[[ DATA LISTING, beginning ]]
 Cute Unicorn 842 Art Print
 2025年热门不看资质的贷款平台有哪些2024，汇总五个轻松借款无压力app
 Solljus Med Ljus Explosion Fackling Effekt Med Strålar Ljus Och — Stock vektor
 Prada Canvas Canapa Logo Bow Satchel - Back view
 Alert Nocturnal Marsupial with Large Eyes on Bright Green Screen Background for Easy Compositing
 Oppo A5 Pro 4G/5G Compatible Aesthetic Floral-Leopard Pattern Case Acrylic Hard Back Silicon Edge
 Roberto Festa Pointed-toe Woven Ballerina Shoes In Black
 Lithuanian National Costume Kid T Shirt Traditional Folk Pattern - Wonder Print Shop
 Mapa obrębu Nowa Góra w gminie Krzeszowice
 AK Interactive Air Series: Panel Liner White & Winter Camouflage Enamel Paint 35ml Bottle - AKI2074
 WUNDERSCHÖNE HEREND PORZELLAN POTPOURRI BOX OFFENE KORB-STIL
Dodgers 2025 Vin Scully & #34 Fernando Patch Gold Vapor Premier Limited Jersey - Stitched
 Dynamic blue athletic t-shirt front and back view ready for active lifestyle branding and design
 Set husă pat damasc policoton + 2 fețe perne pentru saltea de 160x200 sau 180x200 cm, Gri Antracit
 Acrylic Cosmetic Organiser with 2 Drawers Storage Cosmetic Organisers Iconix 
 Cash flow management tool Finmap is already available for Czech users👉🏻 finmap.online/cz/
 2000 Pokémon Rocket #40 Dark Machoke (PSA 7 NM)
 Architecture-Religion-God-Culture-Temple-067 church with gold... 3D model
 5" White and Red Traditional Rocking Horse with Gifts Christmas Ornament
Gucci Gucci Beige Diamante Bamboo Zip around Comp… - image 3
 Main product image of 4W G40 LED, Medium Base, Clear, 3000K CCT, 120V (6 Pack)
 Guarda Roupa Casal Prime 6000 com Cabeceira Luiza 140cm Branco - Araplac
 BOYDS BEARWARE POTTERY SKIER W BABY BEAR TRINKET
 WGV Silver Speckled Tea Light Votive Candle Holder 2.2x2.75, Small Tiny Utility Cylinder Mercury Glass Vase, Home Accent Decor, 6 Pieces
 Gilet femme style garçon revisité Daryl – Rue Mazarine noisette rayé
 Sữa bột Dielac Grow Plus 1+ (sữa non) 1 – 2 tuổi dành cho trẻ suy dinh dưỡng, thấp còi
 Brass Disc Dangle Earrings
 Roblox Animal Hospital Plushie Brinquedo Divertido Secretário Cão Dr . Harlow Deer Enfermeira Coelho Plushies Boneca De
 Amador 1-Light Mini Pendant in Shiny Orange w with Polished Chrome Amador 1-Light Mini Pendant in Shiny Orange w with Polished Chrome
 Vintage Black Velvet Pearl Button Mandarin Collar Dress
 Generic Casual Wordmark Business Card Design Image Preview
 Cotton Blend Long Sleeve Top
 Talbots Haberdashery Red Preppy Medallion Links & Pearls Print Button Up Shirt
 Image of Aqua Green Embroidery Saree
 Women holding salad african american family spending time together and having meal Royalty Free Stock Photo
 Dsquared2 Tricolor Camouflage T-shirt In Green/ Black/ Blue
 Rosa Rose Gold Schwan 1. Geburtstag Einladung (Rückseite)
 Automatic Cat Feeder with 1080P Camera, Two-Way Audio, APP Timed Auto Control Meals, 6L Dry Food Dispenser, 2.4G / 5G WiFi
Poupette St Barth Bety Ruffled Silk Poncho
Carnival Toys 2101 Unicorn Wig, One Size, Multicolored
[[ DATA LISTING, end ]]
▸ TASK: Which lines in the listing have the string "Acrylic"? Pick them out and copy them.

▸ EXERCISE RESULT:
 Oppo A5 Pro 4G/5G Compatible Aesthetic Floral-Leopard Pattern Case Acrylic Hard Back Silicon Edge
 Acrylic Cosmetic Organiser with 2 Drawers Storage Cosmetic Organisers Iconix 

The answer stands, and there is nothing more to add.